Trout got just such a pitch in the sixth inning Saturday night, an 89-mph fastball that Hernandez left up and over the middle. Trout did not miss it, crushing a two-run homer that traveled 435 feet to center field to push the Angels toward a 4-2 victory over the Mariners.
Trout’s homer improved his career average against Hernandez to .368 (25 for 68) with five homers and 15 runs batted in and made a winner of Hector Santiago, who gave up two runs and four hits in six innings, striking out seven and walking two.
But Rafael Ortega opened the bottom of the sixth with a single to left, and Trout, his right foot still sore from the foul ball he hit off it in the fourth, followed with his game-turning blast.
“Mike has had success off a lot of pitchers,” Manager Mike Scioscia said, “but to have success off of someone in Felix’s class says a lot about a player.”
Trout also made the defensive play of the game in the seventh, fielding Adam Lind’s liner off the wall and firing a one-hop throw to second baseman Cliff Pennington, who made the scoop and tag for the second out.
“That throw,” Scioscia said, “is as good as it’s going to get.”
Trout’s arm has improved since his rookie season in 2012 thanks to daily long-toss sessions with right fielder Kole Calhoun, but the play also required timing and precision.
“I told myself, it’s hit so hard, I have a chance to throw him out at second,” Trout said. “I got it off the wall, got a good grip and just fired it.”
Trout had some web-gem competition from shortstop Andrelton Simmons, who saved a run in the first when, with a runner on third, he raced into shallow left and made an over-the-shoulder catch of Cruz’s flare to end the inning.
With the Angels leading, 3-2, speedy Seattle leadoff man Nori Aoki led off the eighth with a grounder to the hole.
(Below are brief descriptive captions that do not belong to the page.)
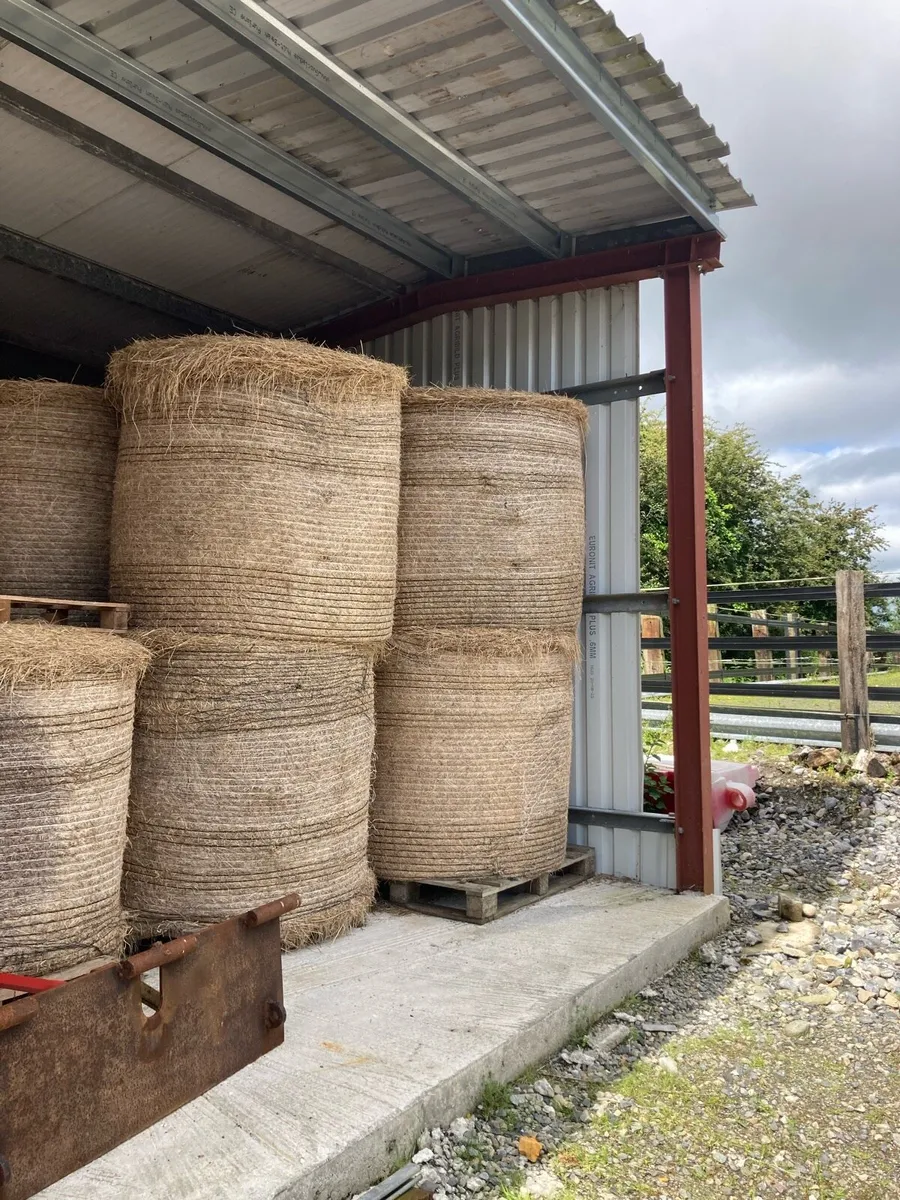 Hay - Image 3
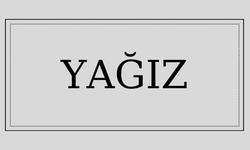 Yağız isminin anlamı ve kökeni nedir?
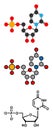 Uridine monophosphate (UMP, uridylic acid) nucleotide molecule. Building block of RNA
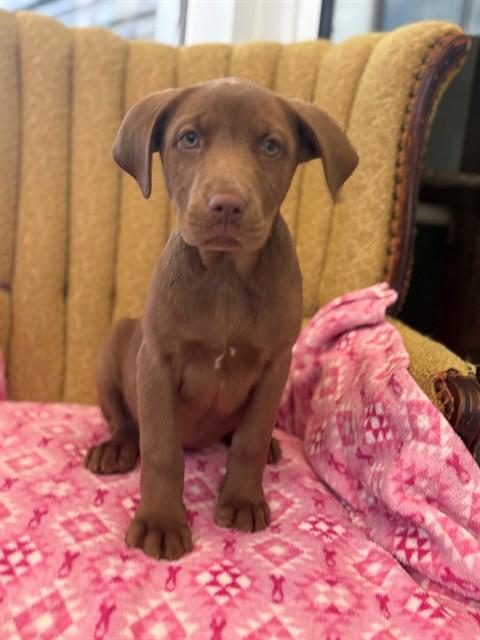 Enlarge NYLAH, a Adoptable mixed breed in Forney, TX image 1/1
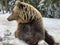 An adult bear in a snowy forest. Brown bear on the background of the winter forest. Rehabilitation center for brown bears. Park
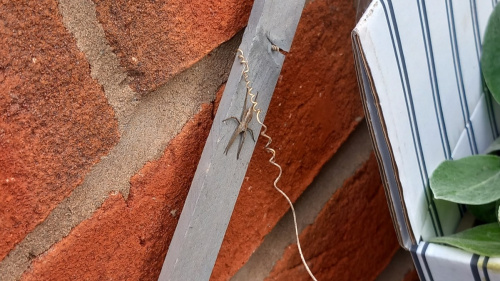 Tent Spider Pisaura mirabilis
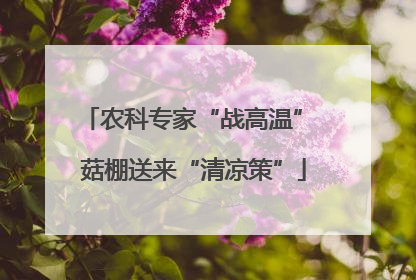 农科专家“战高温” 菇棚送来“清凉策”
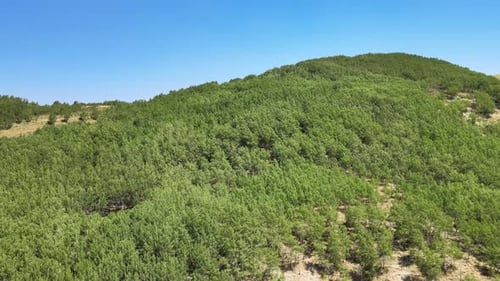 aerial natural forest landscape
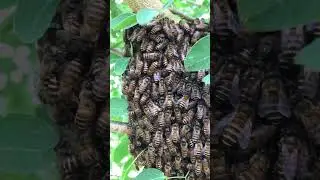 #honeybee #honeyhunting #honey #beer #share #shortvideo #beetle #kingbee #reels #wildbees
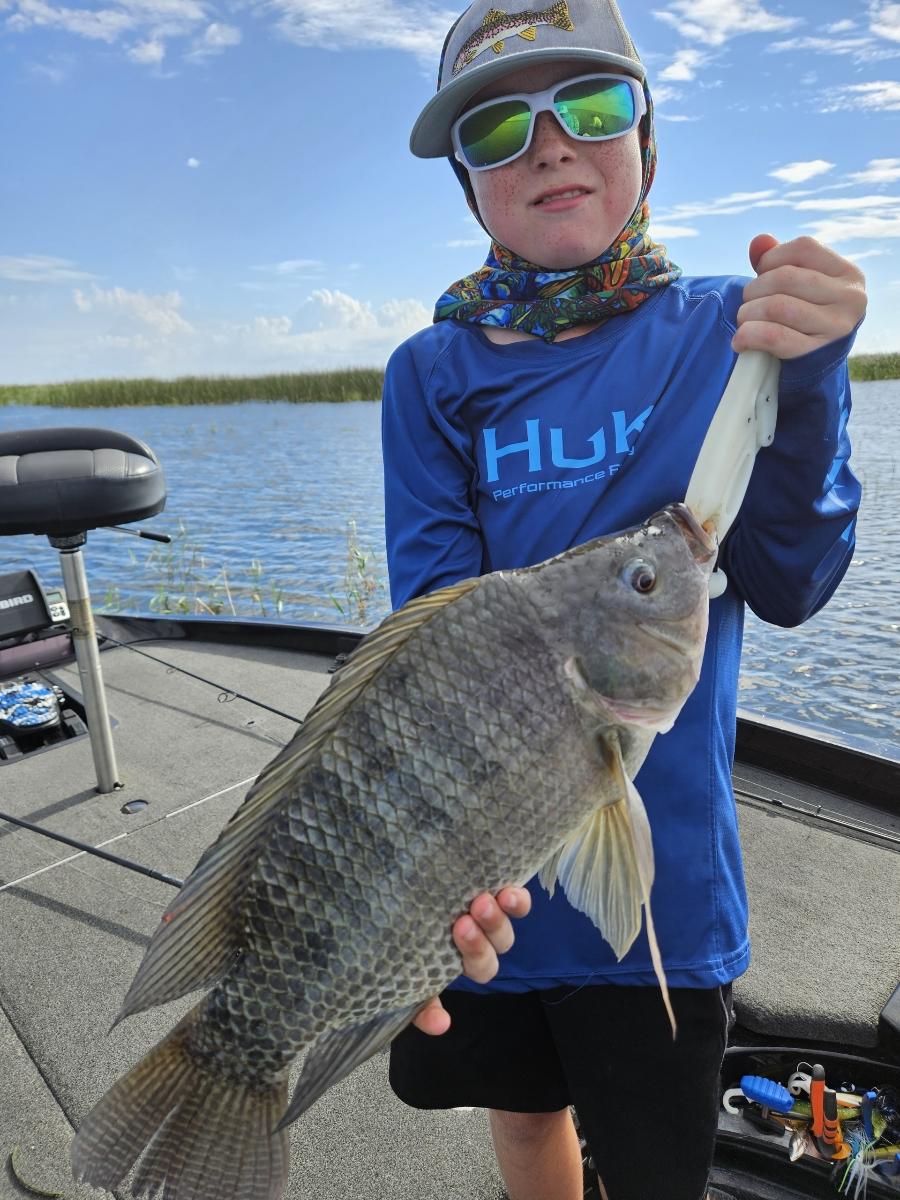 Tilapia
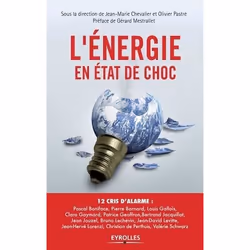 ISBN L'énergie en état de choc, Livre broché, 114 pages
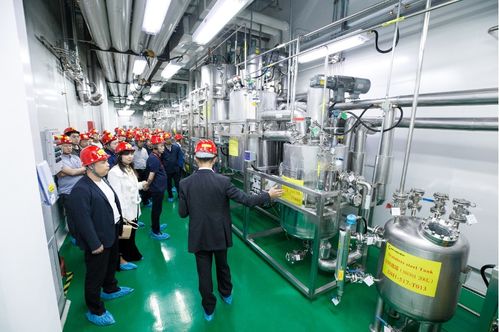 連續賦能，技術變現 連續流技術推廣現場會在敦化成功召開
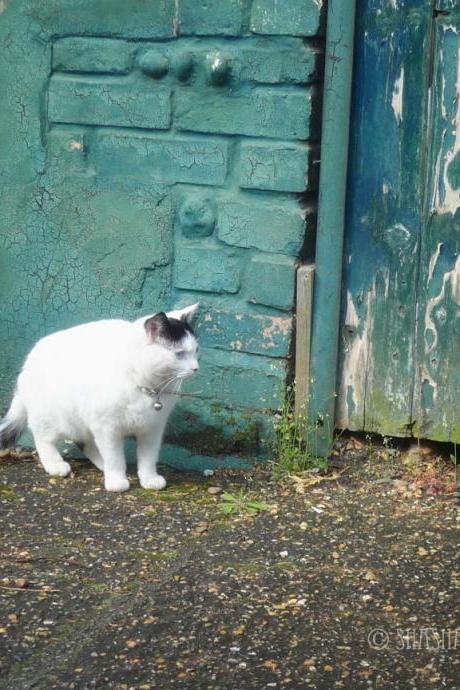 A cat in the old alley 8x8 photography print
Simmons backhanded the ball and, in what seemed like one motion, transferred it to his right hand and made a strong throw to first.
“It literally looked like the ball never touched his glove, and he’s throwing it to first,” Santiago said. “Unbelievable.”
Simmons said he messes “around with that play in practice just in case, and today, the in-case came. Normally, it doesn’t come out that good.”
The play helped Joe Smith, who went on to hit two batters with two outs in the eighth, avoid damage. The Angels, who scored their first run on Pennington’s homer in the third, added a run in the eighth when Ortega singled, took second on an error and scored on Calhoun’s two-out single to left for a 4-2 lead.